VMware’s telco cloud ambitions today reached the most broadly deployed infrastructure of all: the radio access network (RAN). 

The vendor today released VMware Telco Cloud Platform (TCP) RAN, an expansion of its recently reorganized and repacked stack of technologies for network operators. The company’s push from virtualized network cores into virtualized RAN (vRAN) has been underway for years.

“Dish is the launch customer for TCP RAN,” and the offering is commercially available today, said Sachin Katti, a strategic advisor at VMware and co-chair of the technical steering committee at the O-RAN Alliance.

Dish Network last week said it will have its first 5G network operational in Las Vegas by the end of the year. The aspiring greenfield operator inked a deal with VMware in July 2020 that effectively cemented VMware as its central hub for network automation, integration, and third-party vendor validation. 
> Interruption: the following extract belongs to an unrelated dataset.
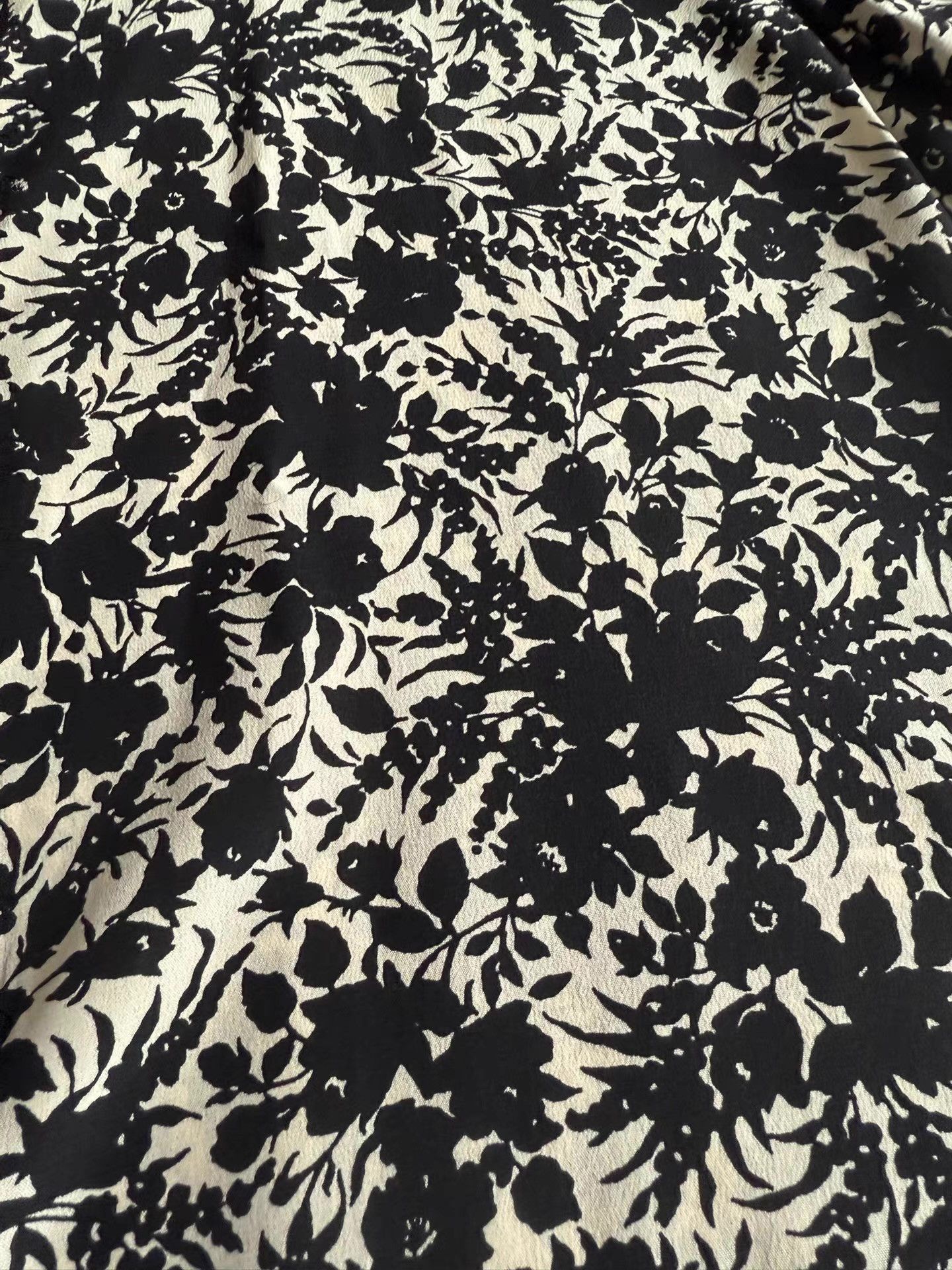 Saint Laurent Paris Floral Print Short Sleeve Button-Up Shirt Size US S / EU 44-46 / 1 - 7 Thumbnail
The carrier is also using VMware’s platform as an abstraction layer running across multiple network domains and will allow Dish to tap into hyperscale public cloud capacity while maintaining core control points. Dish last week struck a deal with Amazon Web Services (AWS) to act as the preferred cloud provider and base for its 5G network.

VMware’s Telco Cloud Platform is composed of two layers — infrastructure and automation, Katti explained. The RAN sector has always been vertically integrated with proprietary hardware tightly coupled with software and a management system, but the cloud is helping operators embrace a series of steps leading to vRAN and then, eventually, a fully open RAN, he said. 

VMware Claims vRAN on Par With Traditional RAN

“To really bring the cloud to the RAN it has to solve a bunch of pretty important challenges. Primary among them is the fact that the RAN workloads are extremely real time, and so you have very tight latency constraints,” Katti said. RAN also typically has “very unique requirements around access to bare metal hardware” for time synchronization and hardware acceleration, he added.

RAN is also highly distributed, “so unlike the core of the network where you put down maybe 10 data centers for an entire network and collect, aggregate all of the processing needed for the 5G core in those 10 data centers, the RAN by definition will look like 10,000 to many more small cloud deployments or small data centers,” Katti explained. 

VMware’s cloud infrastructure can now manage the real-time workload requirements and support the unique, compute-intensive features that are needed in vRAN, he said. 

VMware’s Telco Cloud Platform RAN follows Intel’s FlexRAN software reference architecture, which is widely considered the industry standard for vRAN. Intel and VMware last year formalized a collaborative effort to develop a more integrated and interoperable platform for vRAN and open RAN.

VMware’s new vRAN stack also includes the vendor’s vSphere ESXi for virtualized and containerized RAN functions, its Kubernetes-based Tanzu for Telco platform, and VMware Telco Cloud Automation for network orchestration across network functions, services, and management.

Market Poised to Claim $3.4B by 2025

“The transformation of the RAN will significantly change how operators purchase, construct, and maintain their mobile networks. It presents a significant economic opportunity and will allow for the introduction of new capabilities and expand the pool of solution providers,” Daryl Schoolar, practice leader of fixed and mobile infrastructure at Omdia, said in a statement.

“We forecast the convergence of openness and virtualization will generate around $3.4 billion in annual revenues by 2025, giving it about 9.5% of the total 4G and 5G RAN market. But before we get there, operators must figure out how to transition from legacy solutions to open and virtualized architectures without disrupting their services — quite a task,” Schoolar explained. 

VMware, according to Katti, is striving to deliver on the performance requirements of the RAN while providing operators with the benefits of the cloud, including the flexibility and management capabilities offered by Kubernetes.

“There's always this tension between abstraction that a cloud provides, and the performance requirements of highly unique workloads like the RAN, and that's the tension that we're solving,” he said, adding that VMware is confident the performance of vRAN running on VMware’s platform will be on par with tightly integrated implementations from traditional RAN vendors.

VMware Names Red Hat, Wind River as Sole Competitors

VMware’s sole competitors in the virtualized cloud space for RAN include Red Hat and Wind River, according to Katti. Those two companies “are the other cloud-only providers for this, so those will be the main competitors,” but ongoing vRAN implementation from RAN incumbent vendors like Ericsson, Nokia, and Samsung could change that dynamic, he said. 

That will be especially true if or when the RAN incumbents choose to package their own Kubernetes distribution as part of the vRAN network function framework, but that would be a more vertically integrated approach. Katti described VMware as a horizontal cloud player and a platform provider that doesn’t sell or make network functions directly today.

VMware is in discussions with Ericsson, Nokia, and Samsung about its Telco Cloud Platform RAN and “some of them are already in the lab and working with us, but I’m not at liberty to say exactly who,” Katti said. 

RAN virtualization is a “stepping stone” to open RAN and VMware continues to work toward that goal with additional support for O-RAN interfaces, he added. “We look at this as an essential and needed first step in the journey toward opening up the RAN completely.”